L O CK. The c and k together carry the weight of the word, carry the weight at the end, create a sharp, but not high or tinny weight – sharp like a heavy butcher knife that comes down with a hard slam. Ah, so locks, like doors, can slam shut. Slam into you. Slam you out. LOCK. Lock is not a pretty word unless you spell it l o c h and then that means something quite different. A body of water, a lake. Maybe with a monster in it, but still pretty. Green-blue water on the surface, surrounded by emerald hills and grey skies hanging overhead, reaching down to touch the loch, make love to the loch, smother it in affection. Or neglect.

How can a body of water with a monster in it be pretty? What’s so pretty about a monster?

Who has the key to the loch?
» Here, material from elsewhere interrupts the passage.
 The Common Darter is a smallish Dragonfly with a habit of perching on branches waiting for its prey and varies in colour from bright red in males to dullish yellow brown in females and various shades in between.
Does the monster have this key?

The man next to me sighs heavily (yet in some ways softly – if it wasn’t so quiet in here you wouldn’t think he had sighed heavily, you would think he had sighed softly). He is sighing as he writes, as he works on his novel. What has made him sigh? What part of his work has caused him to open the door of his sigh, the door of his chest and throat and larynx and let that soft sigh that sits so heavily come out and rest like a pudgy hand on my shoulder, on my ear lobe, in my brain? He sighs again. Does he know that he has become the subject of my forced write? He can’t read what I’m writing – he is about four feet away and focused on his own laptop, the screen with words across them – his screen doesn’t move. He is too busy sighing. Something must be wrong. Perhaps the protaganist in his novel is not behaving himself properly – perhaps going places and doing things he doesn’t like, doesn’t want the character to do. Perhaps he has lost control of his plot. Perhaps there’s a dog running down the streets of his novel, running amuck with a bone in its mouth – a bone that is really the rolled up wads of discarded proofs, discarded drafts that the man next to me rejected as not good enough, not witty enough, not compelling enough, not chiseled enough in syntax or perhaps just plain boring in range of events and scope of narrative. Poor fellow, no wonder he is sighing. If a dog ran through my work right now and dug into my wastebasket and came back with my garbage writing and somehow leaked it into my latest draft, I would sigh too.

But I don’t have that problem because I am not working on a draft. I am just writing. Just following the thread.

How did this all get started with the bus? With the words on the back-of-the-bus doors.

Toque aqui para abierto la puerta. Touch here to open door.


Compliments of last night's SUAW (Shut Up and Write) session.